▶ **BRIEF**
Please write out all the data that follows exactly, without the pictures.

▶ **SUPPLIED DATA**

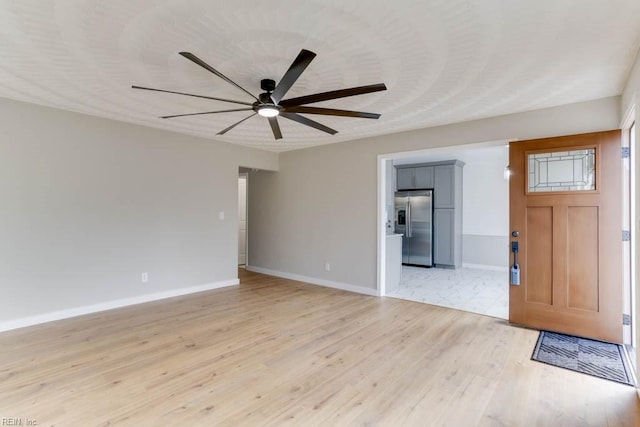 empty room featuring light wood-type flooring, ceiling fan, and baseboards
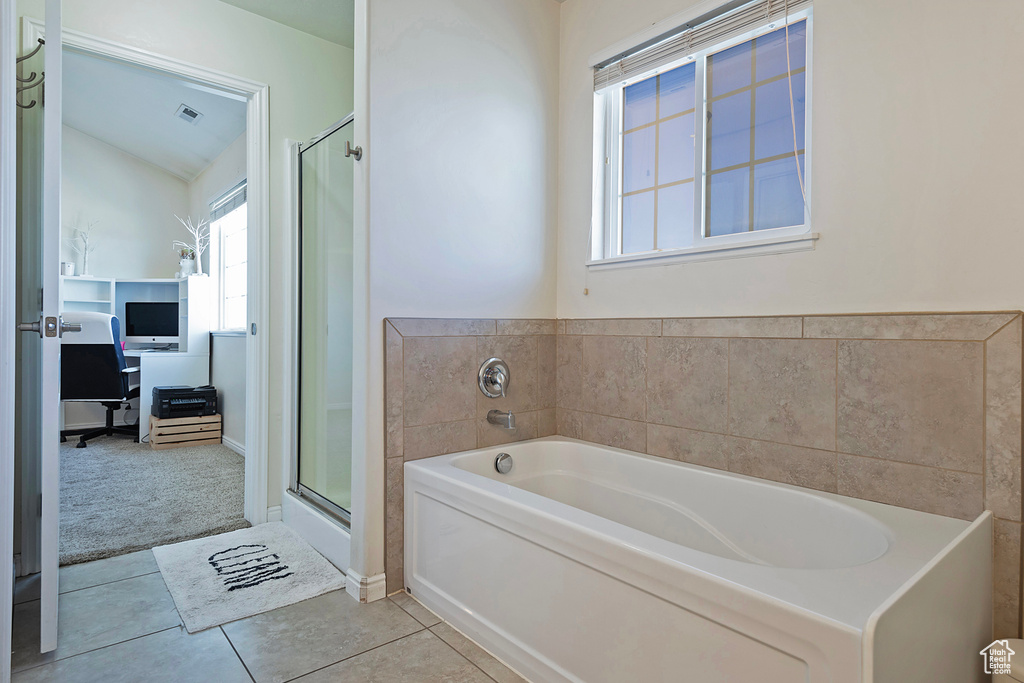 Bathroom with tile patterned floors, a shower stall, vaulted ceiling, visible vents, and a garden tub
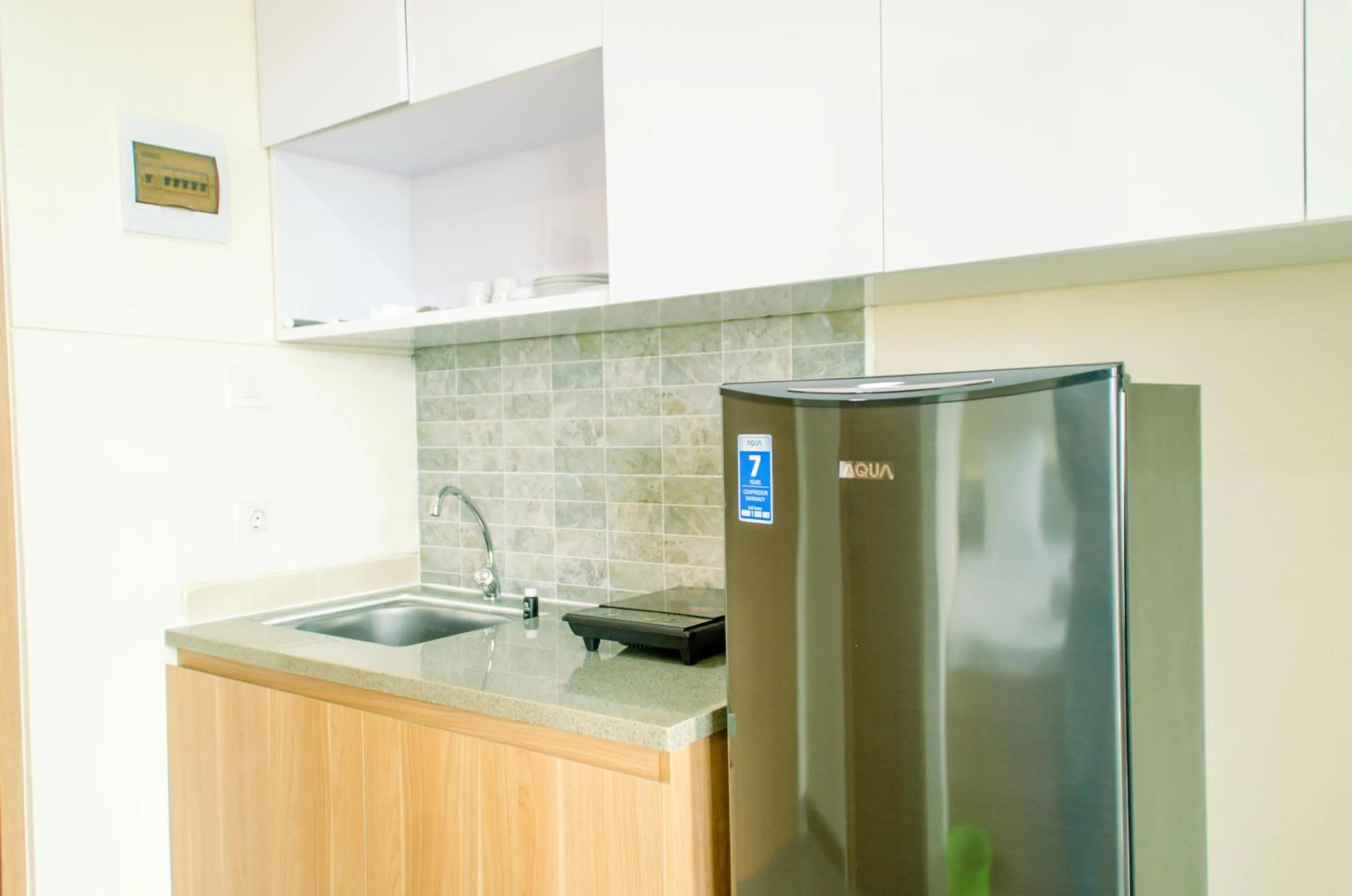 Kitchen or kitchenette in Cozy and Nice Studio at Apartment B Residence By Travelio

▶ **RESPONSE AREA**
 empty room featuring light wood-type flooring, ceiling fan, and baseboards
 Bathroom with tile patterned floors, a shower stall, vaulted ceiling, visible vents, and a garden tub
 Kitchen or kitchenette in Cozy and Nice Studio at Apartment B Residence By Travelio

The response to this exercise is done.